Aktuelles Interview

„Schule genießt ausgezeichneten Ruf“

von Redaktion

Rektor: „Hervorragende Arbeit“ ist mit Jugendsozialarbeiter fortzusetzen

Unterwössen – „Unsere Mittelschule genießt in der Öffentlichkeit, soweit ich das beurteilen kann, einen ausgezeichneten Ruf“, betonte Rektor Otto Manzenberger gegenüber der Chiemgau-Zeitung. Im Zusammenhang mit der Bewilligung einer sozialpädagogischen Fachkraft durch den Jugendhilfeausschuss des Kreistages standen Äußerungen und Einschätzungen im Raum, die er in aller Entschiedenheit zurückweist. „Durch verschiedene schülerorientierte Projekte machen wir immer wieder auf uns aufmerksam.“

Sie sind der Rektor, Sie bewältigen den Alltag. Wie sehen Sie denn Ihre Schule?

Seit Jahren arbeiten wir auf hohem Niveau und bringen bei den Schulabschlüssen regelmäßige Bestleistungen. Im letzten Schuljahr waren von den elf besten Quali-Schülern aus dem Landkreis Traunstein allein fünf aus Unterwössen, was sicherlich nicht die Regel ist, aber trotzdem die wertvolle Arbeit, die hier geleistet wird, unterstreicht. Die schaffen wir nur durch eine konstruktive Zusammenarbeit im Kollegium und mit Eltern- und Schülerschaft. Trotzdem gibt es aber auch „Störfälle“, die das tägliche Unterrichten erschweren. Dies sind zwar Einzelfälle. Diese nehmen aber in der Gesamtheit zu, da auch andere Faktoren wie die Inobhutnahmestelle in Oberwössen, die im Übrigen eine hervorragende Arbeit leistet, zu Buche schlagen. Da sich Schule weiterentwickelt und gesellschaftlichen Veränderungen Rechnung getragen werden muss, habe ich mich um Jugendsozialarbeit an Schulen bemüht und hierzu einen Antrag gestellt.

Franz Feil, der Leiter des Jugendamtes in Traunstein, behauptet, dass auch Schüler aus Unterwössen vom aktuellen Drogenproblem im Achental betroffen seien. Was erwidern Sie ihm?

Ich weiß von der Drogenproblematik im Achental. An meiner Schule hatte und habe ich Gott sei Dank keinen einzigen Fall, zumindest nach meinem Kenntnisstand.

Im Jugendamt ist weiter die Rede von „erheblichen Aggressionen“. Kreisrätin Sandra Sonntag sagte im Ausschuss, dass immer wieder der Rettungsdienst vorfahren müsse. Welche Konflikte haben Sie denn an Ihrer Schule?

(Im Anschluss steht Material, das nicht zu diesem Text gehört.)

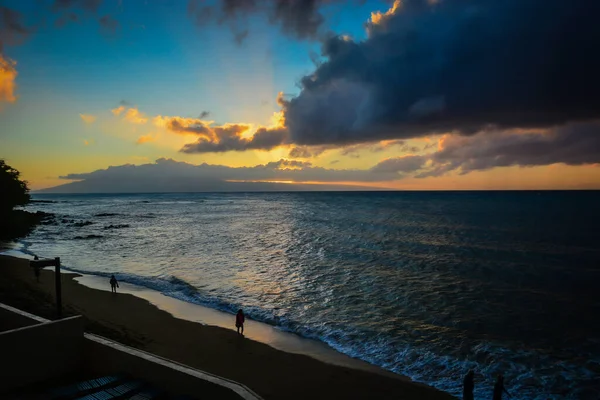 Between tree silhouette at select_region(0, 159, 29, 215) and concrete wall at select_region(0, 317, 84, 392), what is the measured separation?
38.7 metres

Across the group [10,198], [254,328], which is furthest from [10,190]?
[254,328]

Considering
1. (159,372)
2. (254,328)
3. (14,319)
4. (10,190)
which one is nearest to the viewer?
(159,372)

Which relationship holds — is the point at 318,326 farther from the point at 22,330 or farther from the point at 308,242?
the point at 308,242

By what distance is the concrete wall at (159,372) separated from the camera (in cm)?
684

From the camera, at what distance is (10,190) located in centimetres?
3812

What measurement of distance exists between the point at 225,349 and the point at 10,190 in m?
37.5

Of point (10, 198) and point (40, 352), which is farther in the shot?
point (10, 198)

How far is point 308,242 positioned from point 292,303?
2366 centimetres

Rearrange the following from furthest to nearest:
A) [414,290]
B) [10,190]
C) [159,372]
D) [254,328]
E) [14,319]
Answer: [10,190]
[414,290]
[254,328]
[14,319]
[159,372]

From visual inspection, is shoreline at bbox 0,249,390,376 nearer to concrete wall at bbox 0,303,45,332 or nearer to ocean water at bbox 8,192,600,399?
ocean water at bbox 8,192,600,399

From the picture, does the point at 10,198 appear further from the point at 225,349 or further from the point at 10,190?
the point at 225,349

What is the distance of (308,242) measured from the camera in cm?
4472

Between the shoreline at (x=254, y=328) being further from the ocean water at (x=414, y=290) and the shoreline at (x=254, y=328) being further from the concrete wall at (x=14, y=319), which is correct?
the concrete wall at (x=14, y=319)

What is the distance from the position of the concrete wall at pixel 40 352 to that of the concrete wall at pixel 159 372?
1.12 feet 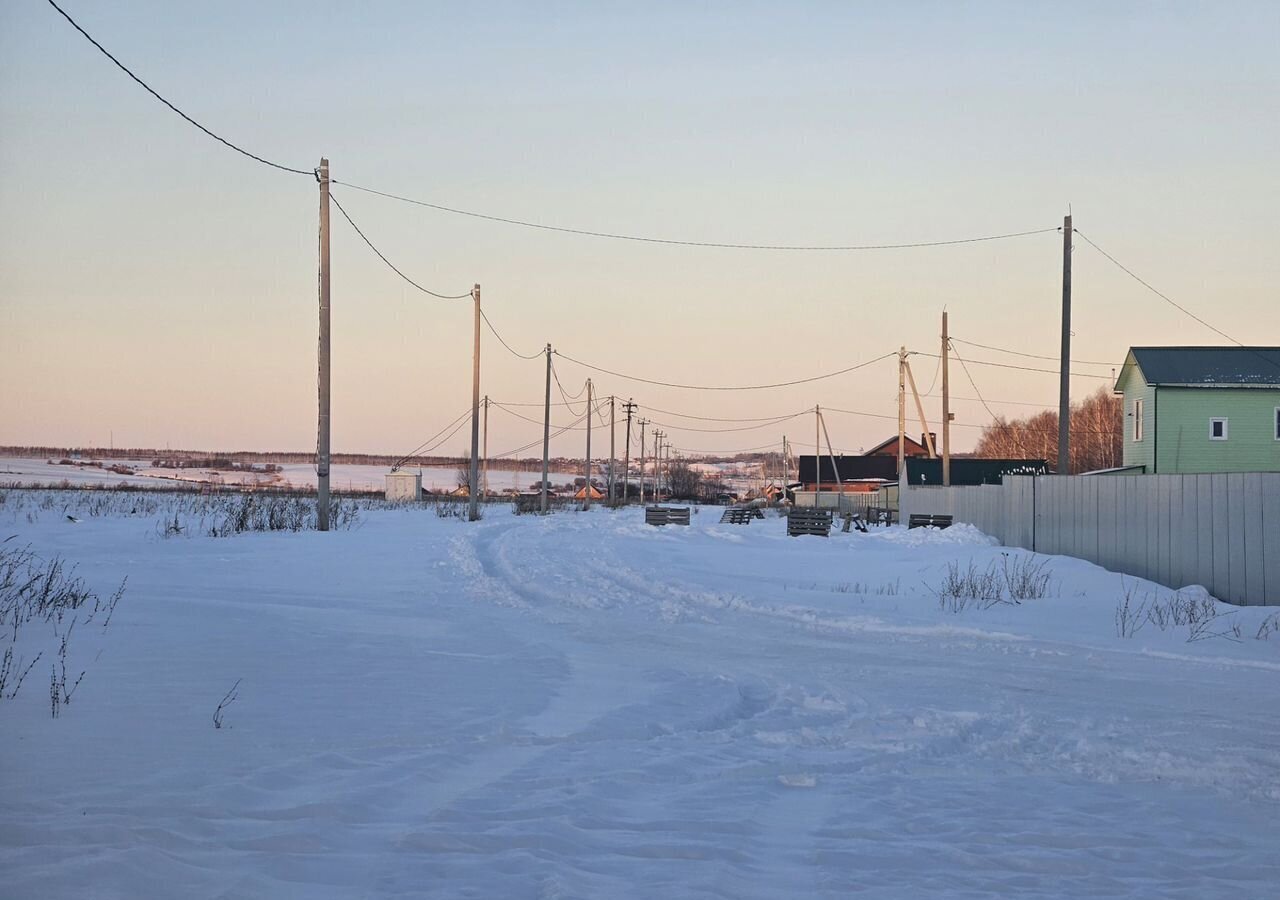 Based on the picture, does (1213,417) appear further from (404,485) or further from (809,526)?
(404,485)

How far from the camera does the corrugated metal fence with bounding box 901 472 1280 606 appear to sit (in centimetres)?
1512

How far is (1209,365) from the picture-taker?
125 ft

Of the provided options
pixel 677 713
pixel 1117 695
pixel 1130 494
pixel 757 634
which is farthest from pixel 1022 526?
pixel 677 713

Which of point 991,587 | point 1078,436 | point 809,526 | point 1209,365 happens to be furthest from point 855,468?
point 991,587

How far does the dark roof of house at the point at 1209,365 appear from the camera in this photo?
37219mm

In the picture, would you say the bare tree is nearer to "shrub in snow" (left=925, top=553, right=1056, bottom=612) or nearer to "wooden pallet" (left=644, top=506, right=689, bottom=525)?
"wooden pallet" (left=644, top=506, right=689, bottom=525)

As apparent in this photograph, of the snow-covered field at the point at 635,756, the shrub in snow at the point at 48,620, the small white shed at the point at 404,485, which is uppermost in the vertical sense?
the small white shed at the point at 404,485

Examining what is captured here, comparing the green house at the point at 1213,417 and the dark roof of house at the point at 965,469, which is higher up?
the green house at the point at 1213,417

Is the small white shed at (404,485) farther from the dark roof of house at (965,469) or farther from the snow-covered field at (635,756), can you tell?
the snow-covered field at (635,756)

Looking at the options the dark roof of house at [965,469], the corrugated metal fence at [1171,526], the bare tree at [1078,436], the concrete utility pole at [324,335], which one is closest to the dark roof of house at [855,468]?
the bare tree at [1078,436]

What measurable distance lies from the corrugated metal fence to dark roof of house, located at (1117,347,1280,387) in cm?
1706

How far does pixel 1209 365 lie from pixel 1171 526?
24.6 metres

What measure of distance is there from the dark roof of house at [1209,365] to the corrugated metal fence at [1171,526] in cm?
1706

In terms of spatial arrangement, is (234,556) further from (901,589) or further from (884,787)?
(884,787)
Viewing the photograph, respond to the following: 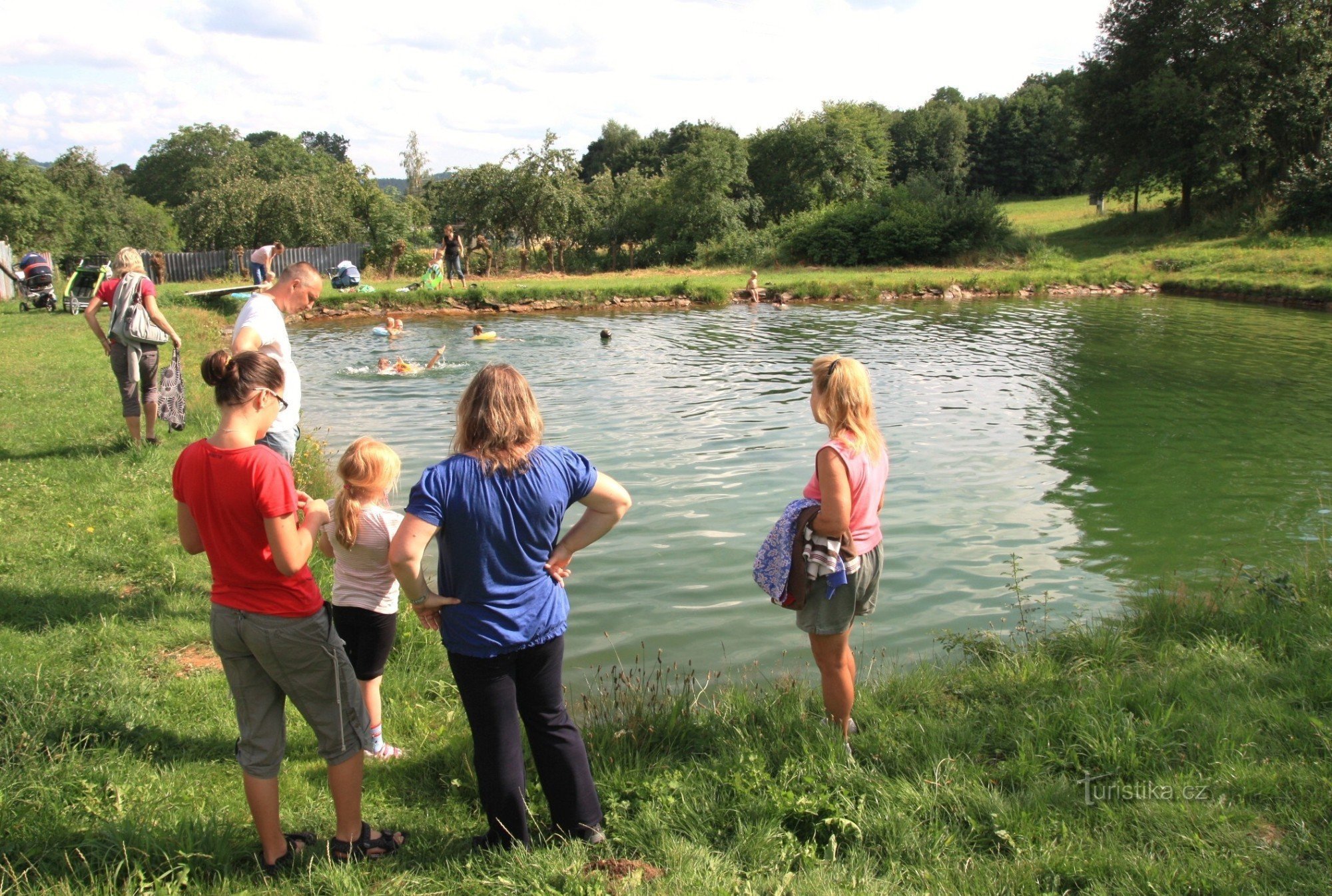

Es gibt gelegentliche Auseinandersetzungen wie an jeder Schule, die wir zu lösen suchen. Damit zusammenhängende Rettungseinsätze gab es nicht. Der letzte Einsatz mit Rettungsdienst war etwa vor einem halben Jahr durch einen Armbruch beim Sport.

Nach Angaben des Amtes in Traunstein entfernen sich teilweise Schüler unerlaubt aus dem Unterricht. Was sagen Sie dazu?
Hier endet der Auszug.